##### GIVEN DATA

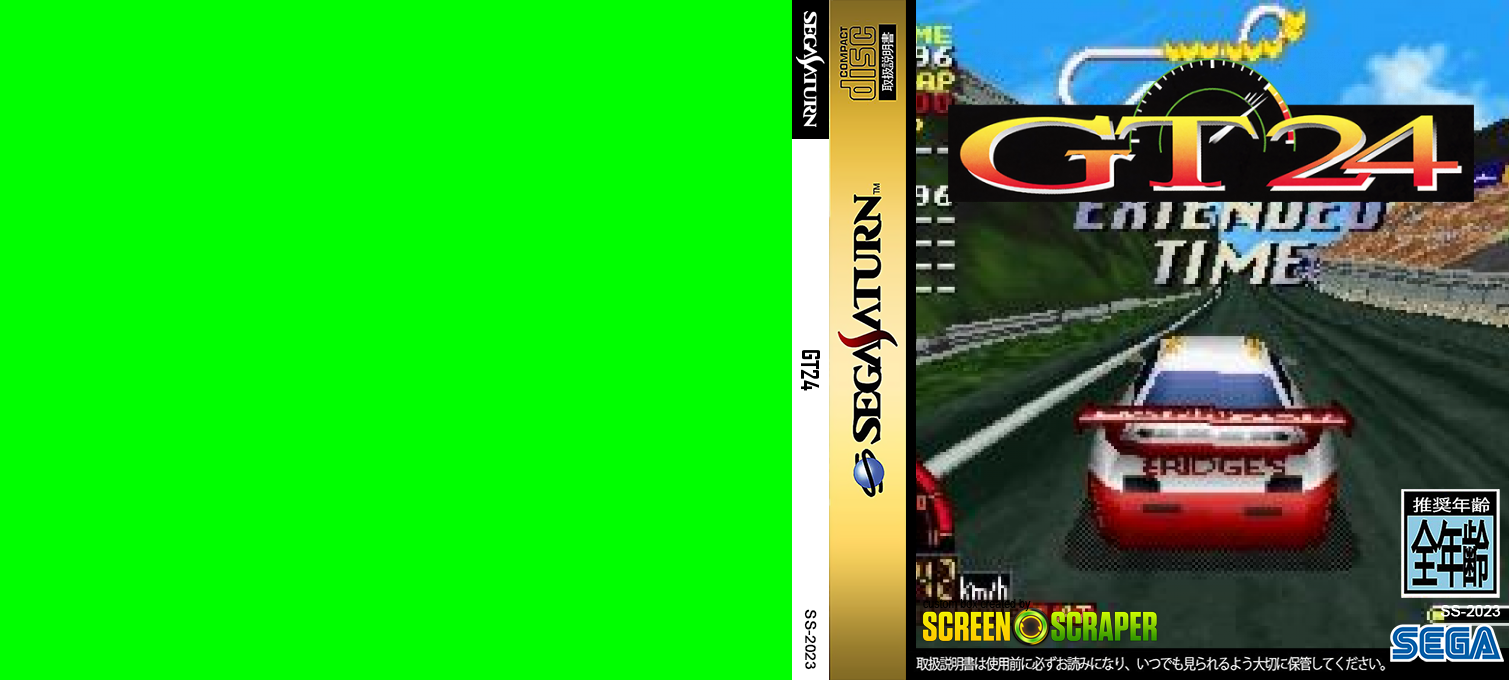 GT24 — box-texture (SS)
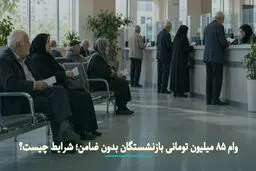 وام ۸۵ میلیونی برای بازنشستگان / پرداخت فوری و بدون ضامن
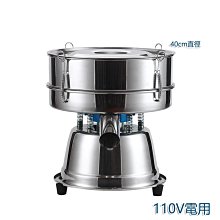 粉末篩選機小型選種機長期出售 歷史價格詳細信息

##########

> TASK INSTRUCTIONS:
Print exactly the line containing "وام ۸۵ میلیونی" and every line after it through the final line above, and leave all pictures out.

> EXERCISE ANSWER:
 وام ۸۵ میلیونی برای بازنشستگان / پرداخت فوری و بدون ضامن
 粉末篩選機小型選種機長期出售 歷史價格詳細信息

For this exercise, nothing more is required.